|Humorous Views on London Culture, Royals, Gossip and Politics
Mini-Me-Me-Me - 10th October 2010
Lies, manipulation, scripted spin, covert operations, style consultants, financial incentives. No it’s
not the Tory ‘Coalition’ government, but the ‘It’s everything to me’ X Factor.
To be honest, I find the watched-by-13.8-million-people ‘entertainment’ show challenging to
watch. Even with the so wrong auto-tuning, those off the pitch notes are so grating, but Saturday
evening I sat on my hands to prevent my natural impulse to change the channel the nanosecond
the stage lights flashed on the singing-challenged-silly-styled Katie. Was the Lady Gaga ‘inspired’
contestant meant to pull those coloured visors down? “Oi. You’re all green! Am I on drugs?” I
had to stifle my fight/flight instinct. Trust me here; it was not without major effort.
Simon is bored. Simon is bored, bored, bored. Aren’t we all. Boredom is the new black, SC. We
are all just soooooooooo bored. Perhaps that’s why the gay card has been played. Backing
dancers (oh please stop) are dressed in Las Vegas costumes vigorously gyrating here and
there. Upon a closer look, the overtly gay dancers were included. Hmmm. Attention grabbing –
Tears, non-waterproof mascara, facial contortions, dribbling, whispered pleading, quivering and
shaking; Cheryl’s calculating mini-mes’ performances were in fact truly boring. Wagner doing his
best impression of John Galliano having a bad hair day, Mary all glammed up from the neck up,
Aiden trapped in a winter wonderland were not boring.
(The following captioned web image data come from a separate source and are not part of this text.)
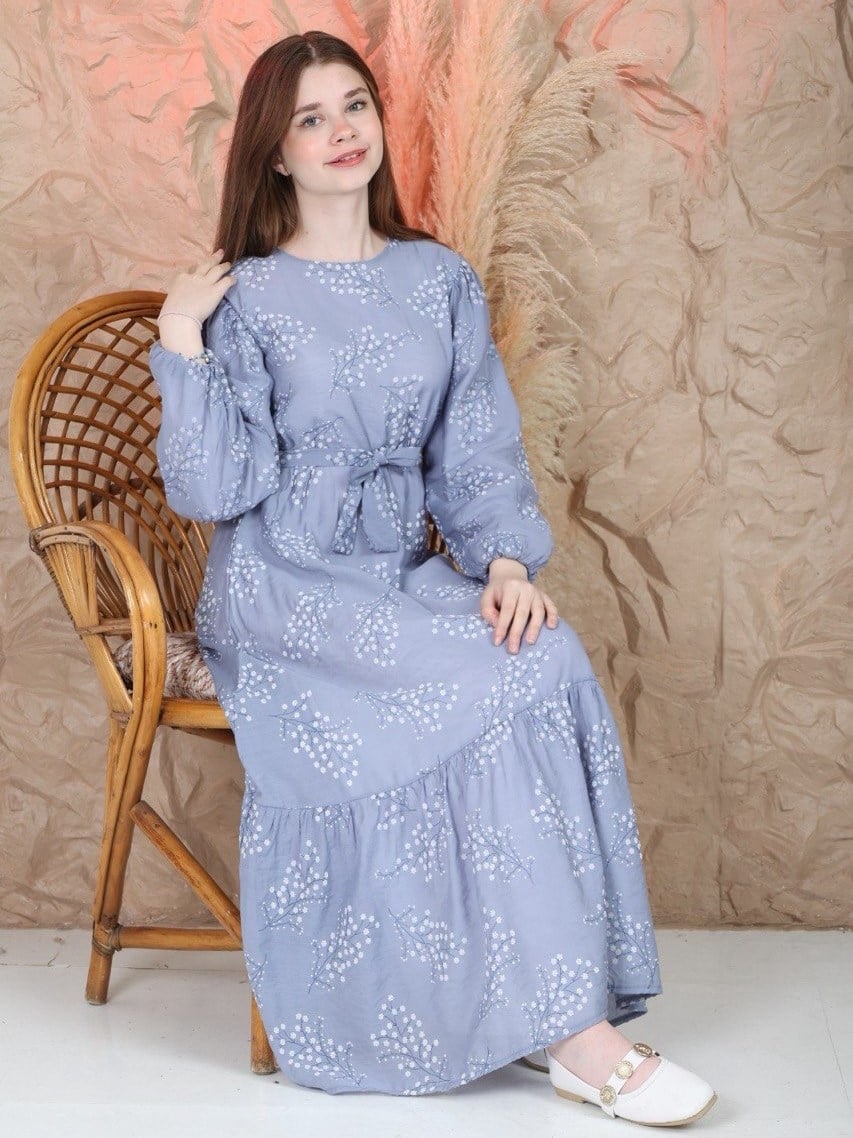 Ayka Kız Çocuk Elbise Mavi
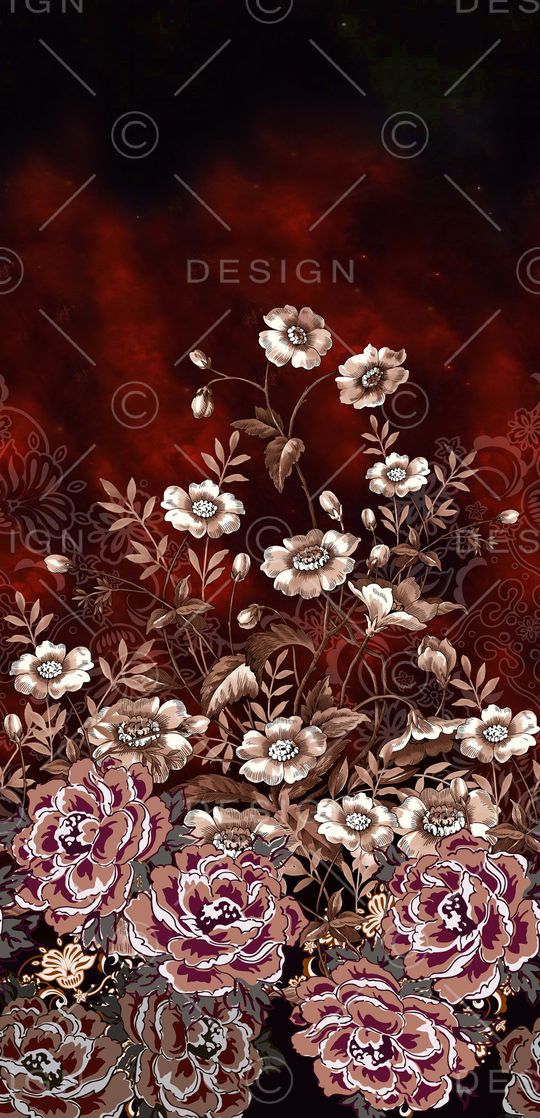 定位花印花华亿平台图片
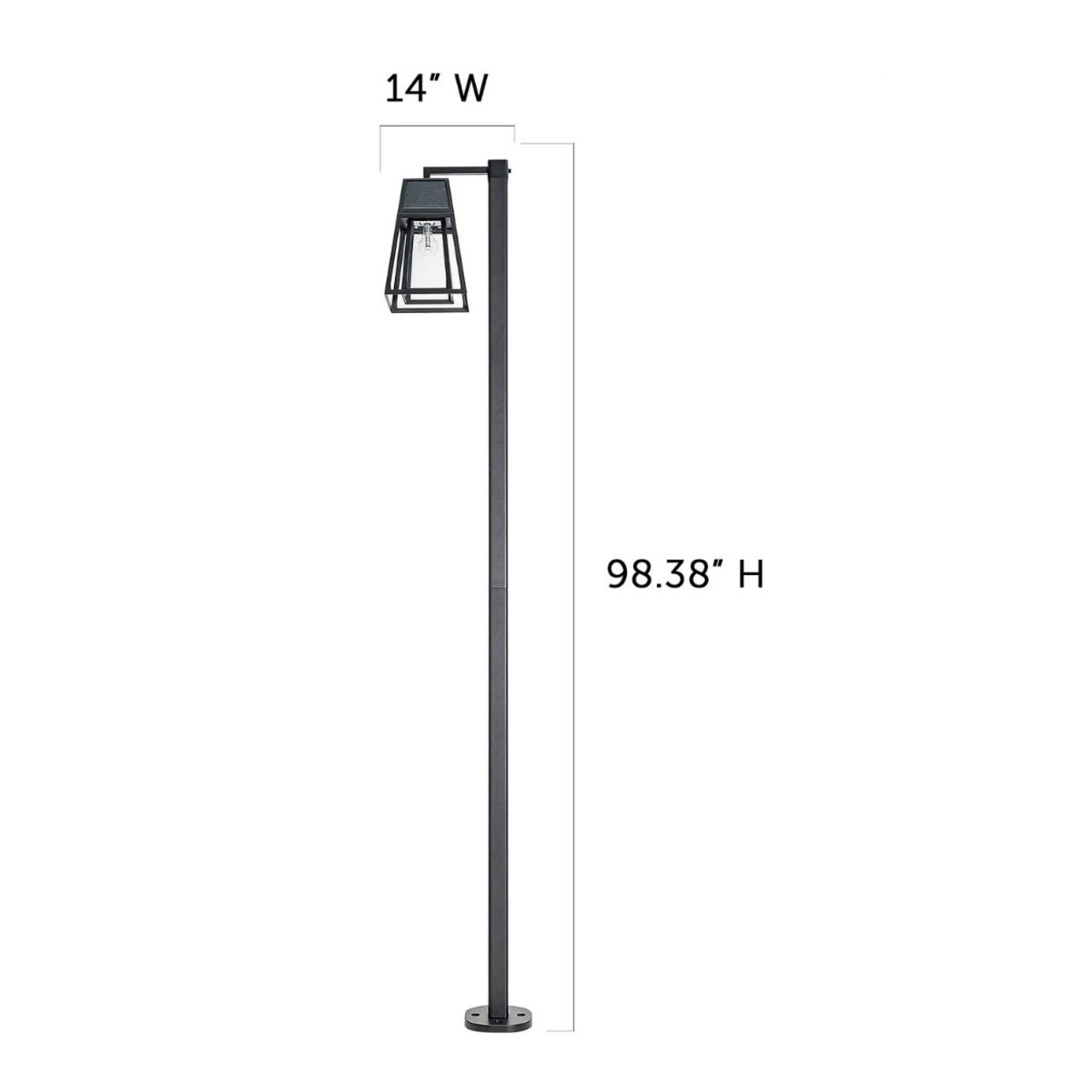 Solar LED Aria Post Light with 8ft Post - Gama Sonic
Clearly the strangely hair-flattened-by-iron Simon has a plan. Toss together ‘fragile’ ruthless non-
talents, daft theatricality, silly styling, blinding epileptic-producing lighting, gay dancers/singers,
circular breast-rubbing (what was that exactly?) - surely there is massive money in the mix
somewhere. “You are exactly what we are looking for, which is a new little star,” Simon to the
Machiavellian mini-me Miss Lloyd. I reckon we’ve found it. Vote her out.